Measurement of skin surface and stratum corneum (SC) hydration during experimental trials needs devices with acceptable precision under conditions ranging from decreased, and normal to high hydration. The aim of this study was to validate the recent model of a commonly used device for measurement of skin conductance (Skicon-200EX) vs. the original model (Skicon-100) introduced 20 years ago.
Twenty-six healthy Danish volunteers (16 women and 10 men, aged between 22 and 67, with a median age of 42 years) were studied using the Skicon-100 and the Skicon-200EX mounted with three different probes. Normal skin of the cheek, forearm, antecubital fossa, palm, lower leg, and popliteal fossa was studied. The sorption-desorption test was performed on the forearm.

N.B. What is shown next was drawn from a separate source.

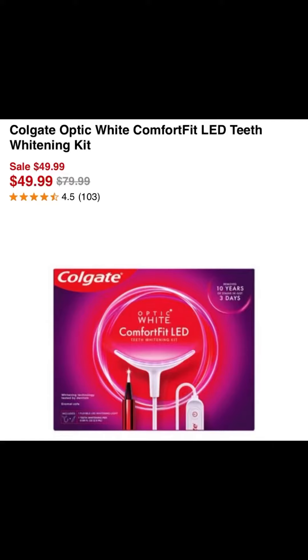Hey there you guys, so I was going through my CVS app and my Ibotta app, putting things together trying to make my scenario for Sunday at CVS this week, and I came across this really cool deal that I wanted to share with you guys. I think it's an amazing Christmas gift because everybody wants white teeth but not everybody has dental insurance or can afford to get their teeth nice and bright and white. This product claims to take up to 10 years off of your teeth, and no, this is not a paid promotion — I am not getting paid to promote this item, I just wanted to share it with you guys.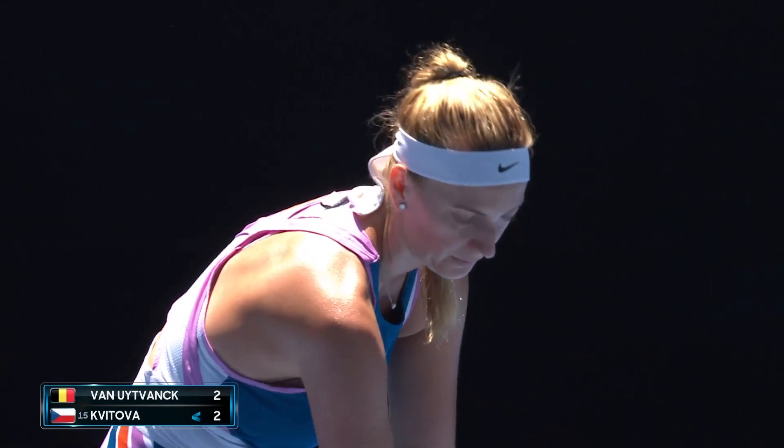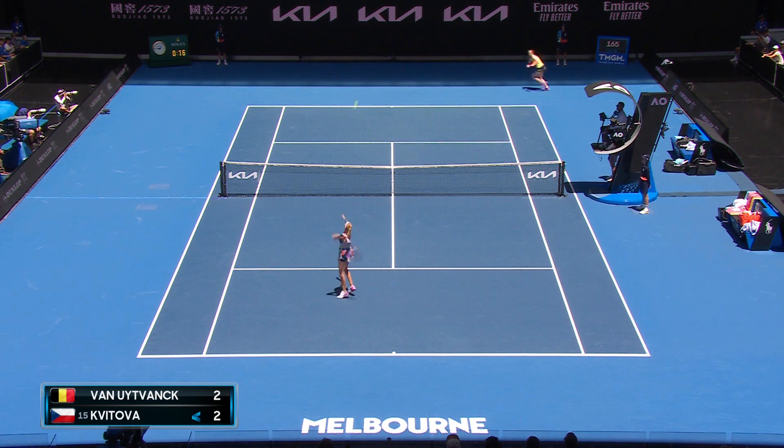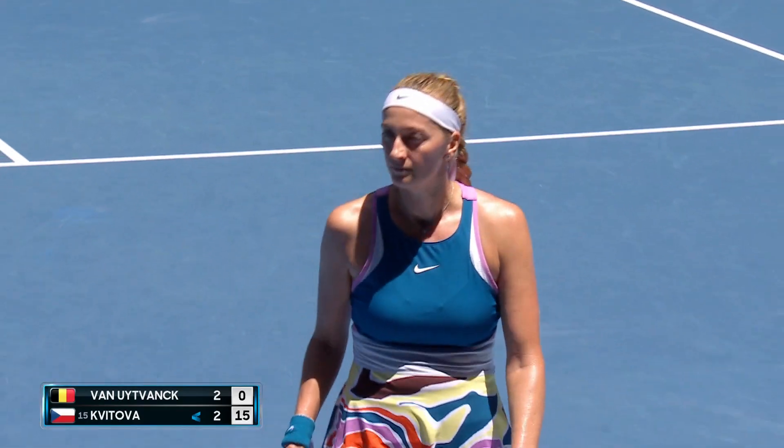Delicate touch there. Dominant points — they had Van Utwank on a string.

The two instruments displayed closely correlated conductance levels. However, the Skicon-200EX displayed systematically 1.6-fold higher values than the Skicon-100. Different body sites showed different levels depending on anatomical regions. The three probes measured systematically different levels with the original probe measuring lower values. The sorption-desorption test showed high skin conductance values which peaked a few minutes after hydration, in accordance with the original experiments of Tagami.
The two Skicon instruments evaluated in this study correlated well, however, they displayed different levels depending on instrument main body and probes. Overall, the Skicon-200EX gave 1.6-fold higher value, and this instrument might be more sensitive than the original device, Skicon-100. In scientific reports, the type of instrument main body as well as probe shall be clearly specified.